Comment by Michael Taylor — June 27, 2005 @ 12:48 pm
It is generally assumed that Robert Novak cooperated with the prosecutor in some capacity. Its impossible to know for sure since grand jury proceedings remain secret.
Comment by Liz — June 27, 2005 @ 5:47 pm
The easy answer is, the entire investigation has been politically motivated from the start and Novak happens to root for the right team. The harder answer is that we don’t know what Novak said to investigators behind closed doors or in deposition, and that information is unlikely to be published any time soon given the nature of the problem. He may have sung like a canary, in which case he’d be scot free.
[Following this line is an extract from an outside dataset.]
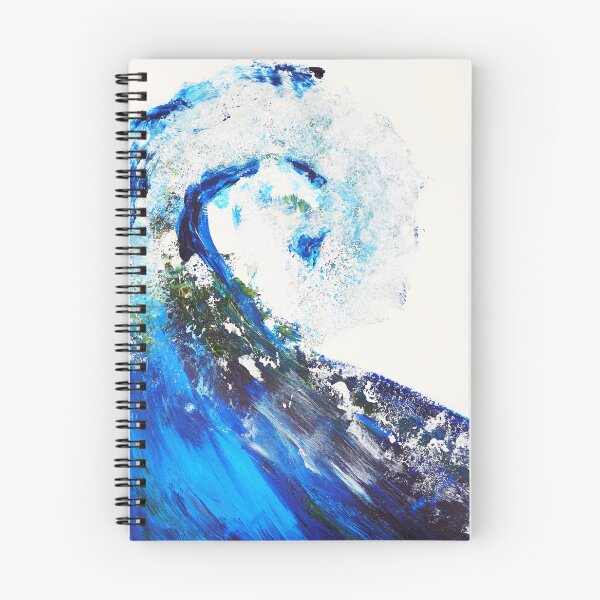 Item preview, Surf wave Ocean art, dark blue water wall art ocean painting, abstract designed and sold by Myartspace.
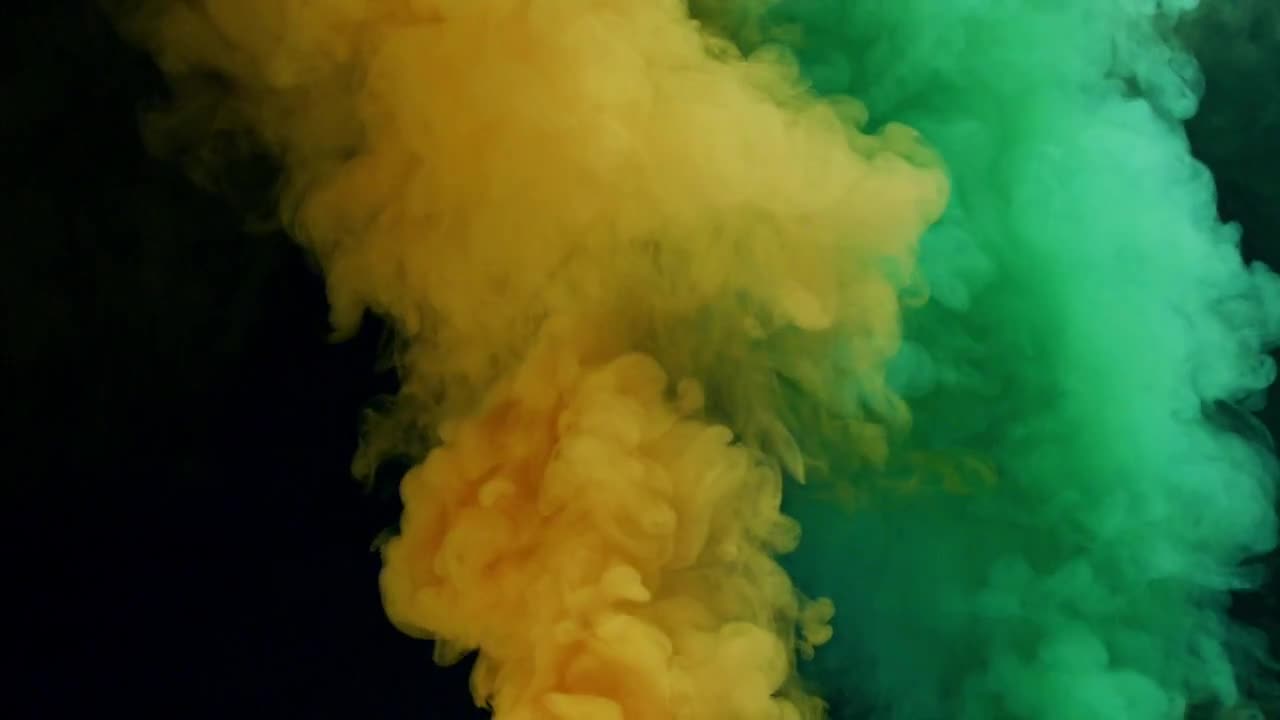 Yellow And Green Smoke Stock Video Motion Array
Grokster and the Ten Commandments are going to get all the press and noise today but I think this is a much more important, and disturbing, development than either of those cases. It will make it far more difficult for honest reporters to act as muckrakers because few people will be willing to give reporters information when the reporter can later be subpoenaed and ordered to give up the name of the source. That this comes so soon after the revelation of Deep Throat is particularly ironic.
Comment by Matthew Smith — June 27, 2005 @ 6:17 pm
Maybe you should mention that publicizing the name of an embedded undercover agent is a federal offense that endangers their life and the lives of all of their contacts, and completely ruins any missions any of these people were working on, possibly costing us billions of dollars and exposing the country to greater risk? ’cause that seems important.
Comment by RanDomino — June 27, 2005 @ 6:57 pm
My apologies for what might by a silly question from a newcomer (and non-lawyer), but I remember that one opinion from the appellate level had several pages redacted concerning the testimony itself. I’m assuming that the justices had the opportunity to review such text prior to ruling on cert? Or would even they only be able to read it had they granted cert?
It would seem that this text would be the central element in even deciding whether this case is worth review, since even Branzburg seemed to allow for circumstances in which a prosecutor sought to harass a reporter (e.g., if this were “politically motivated”).